This published paper, ‘The London Coffee Bar of the 1950s - teenage occupation of an amateur space?’ presented at the OCCUPATION: Negotiations With Constructed Space Conference at the University of Brighton (2-4 July, 2009, http://arts.brighton.ac.uk/research/office-for-spatial-research/news-and-events/occupation) challenged received descriptions of this area of design history that is frequently mentioned in academic discussions of the 1950s. As part of the conference aim of opening up questions about the relationship between people and constructed space through explorations of the frictions and negotiations underlying forms of inhabitation, Partington’s paper invokes Andrew Jackson’s critique of the modernist position of the universal meaning of an object, with its contention that the act of consumption is a key determinant of meaning.

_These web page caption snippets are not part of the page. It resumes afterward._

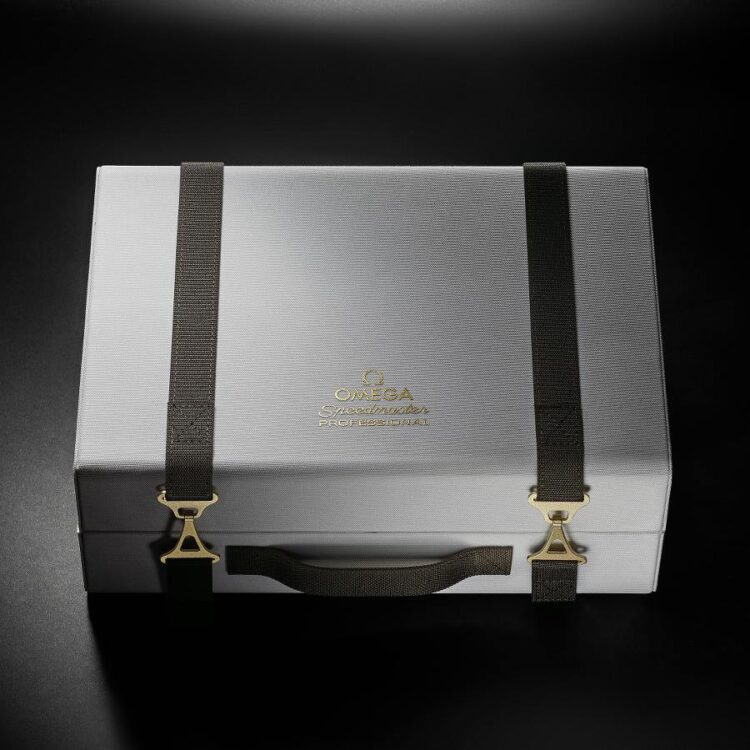 Scatola Speedmaster Apollo 11 50th Anniversary Limited Edition Stainless Stee
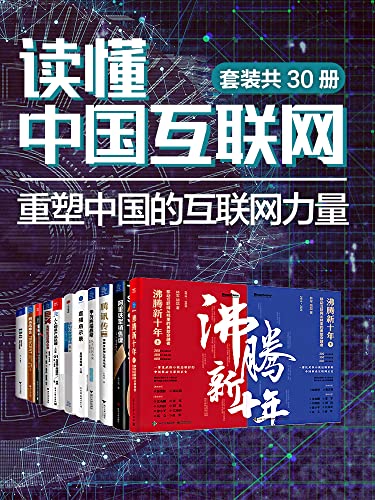读懂中国互联网：重塑中国的互联网力量(套装共30册)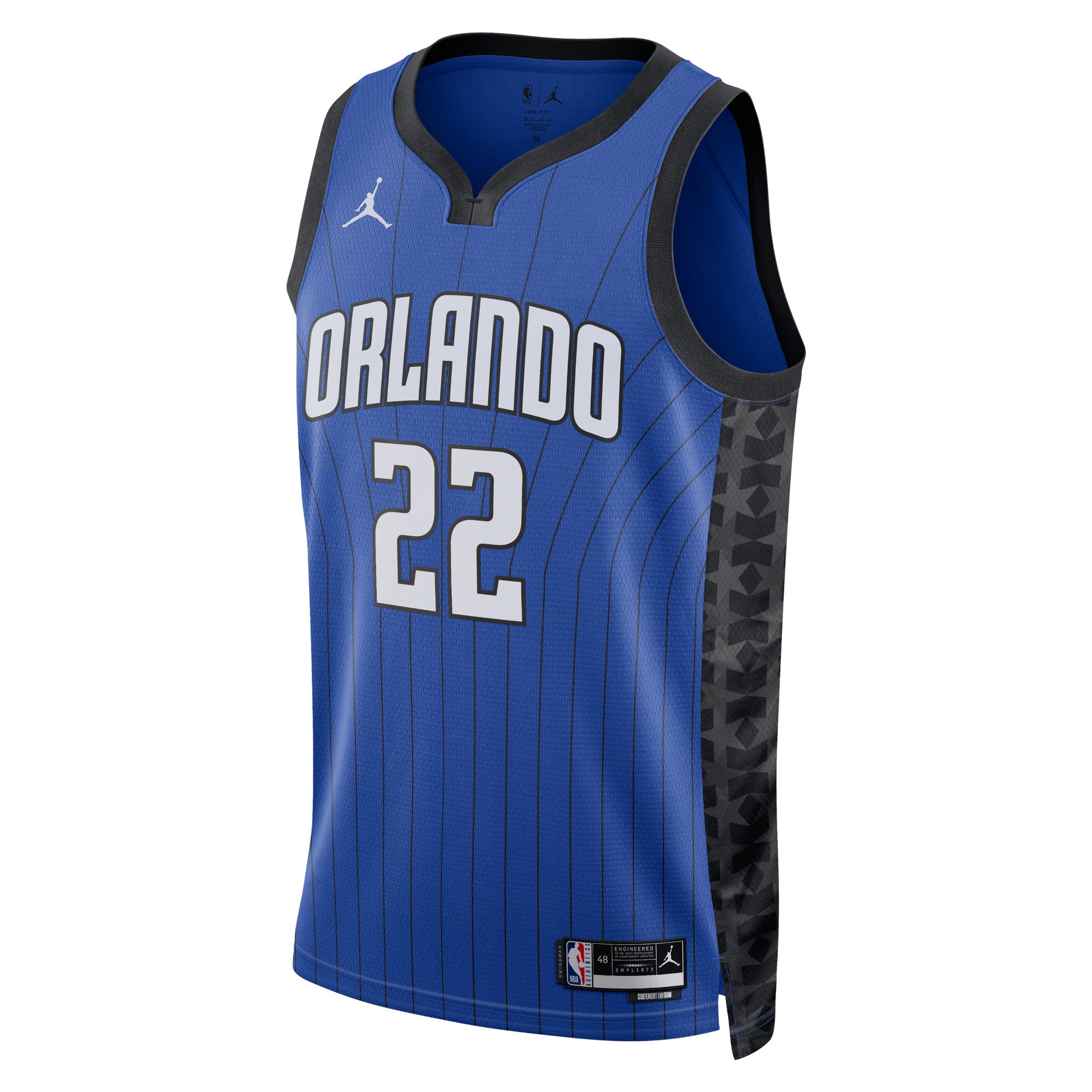 Orlando Magic Jordan Statement Edition Swingman Jersey - Royal - Franz Wagner - Unisex - JS481 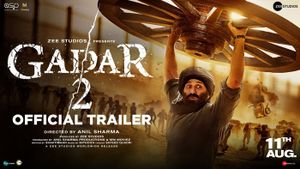 Gadar 2 Official Trailer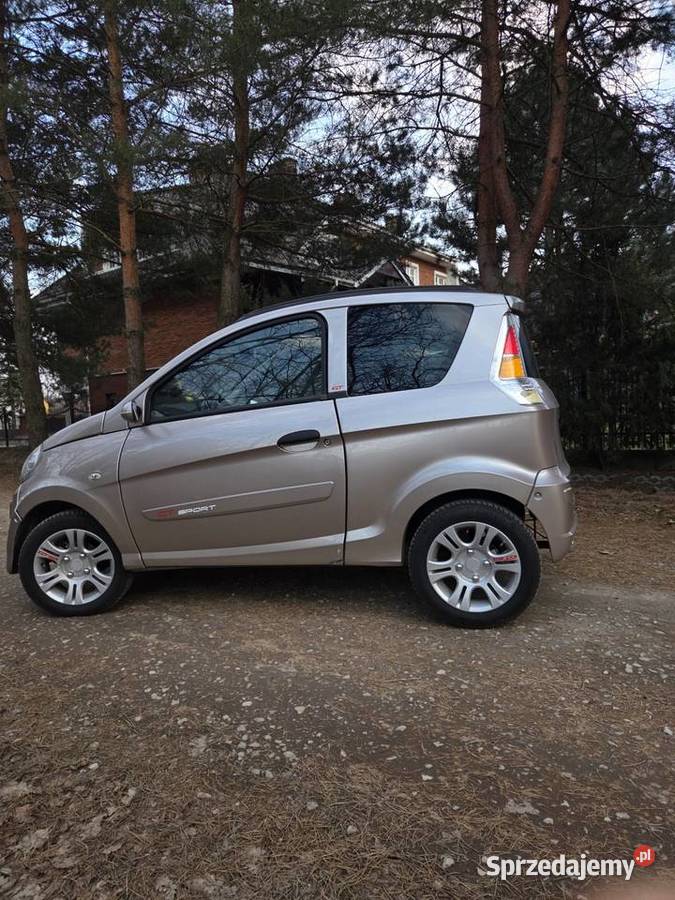 Microcar Mgo 2010 L7e 20 Katb1 automatyczna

Thus the paper argued that the stereotype of a homogeneous, generic, coffee bar should be replaced by an appreciation of the heterogeneity of ‘coffee bars’, both in terms of their design, but, more significantly, in the range of their clientele and designers. Whereas contemporary and later writers described these bars as teenage spaces, they functioned rather as spaces whose inhabitation changed throughout the day, depending on audience, time of day or night and location. Often designed by amateurs, their degree of success was partly attributable to the disinclination of architects to work on them. The paper also demonstrated the extent to which interior design in the 1950s was seen as of secondary importance to the architectural façade of a building.
The paper was published as part of the conference proceedings in Meade, Diaz and Cruz (eds), OCCUPATION: Negotiations With Constructed Space (University of Brighton, 2013).